В притчах во языцех настоящая жена поэта была у весьма немногих. Бесспорно лишь то, что Наталия Николаевна Пушкина была на балу Муз — Первой леди. Но отойдём от романтизма. Мы живём в наши дни, когда женщин, способных выделить из толпы гения, заметно прибавилось, а вот способных разделить с мужчиной, пишущим в рифму, не только его успех, но и его головные боли становится всё трудней отыскать. Однако же они есть, как утверждает известный поэт и не менее известный интересный, весёлый человек — Юрий Сергеевич Энтин.
К нему я и обратился, чтобы уже точно узнать, что же это за призвание — жена поэта?

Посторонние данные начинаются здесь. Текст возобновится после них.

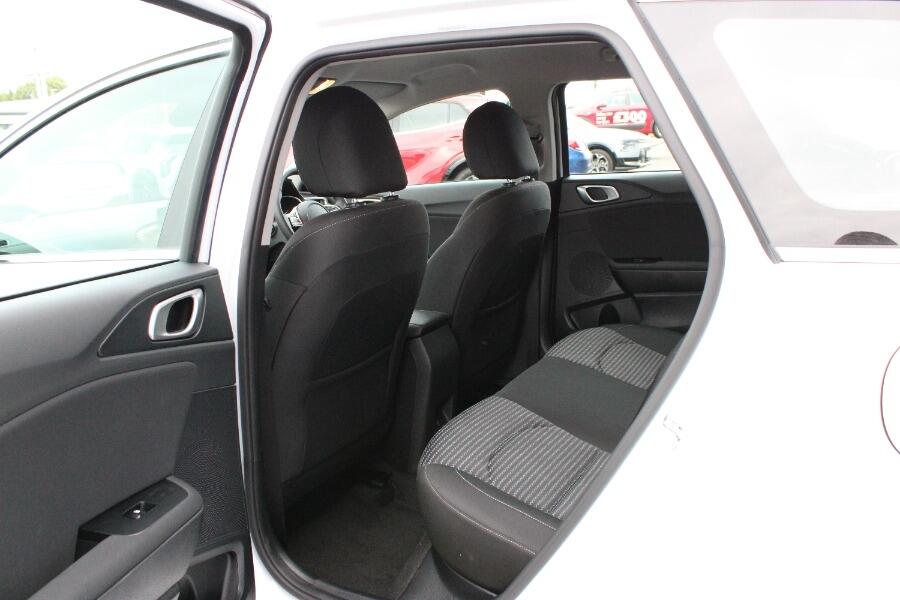 Used Kia Ceed 2025 for sale - 76337602: Photo 15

У Юрия Сергеевича только что закончился раздвинутый «адмиральский час», и в приливе сил, он без колебаний принял моё предложение рассеять всякий туман вокруг его «второй половины», слегка иронично заметив:
“Если бы не «тема», я бы не знал, о чём ещё вообще можно говорить — за столько лет ответов на вопросы Ваших коллег, я научился это делать автоматически, но Ваш вопрос меня заинтриговал. Прочтите его снова, пожалуйста”.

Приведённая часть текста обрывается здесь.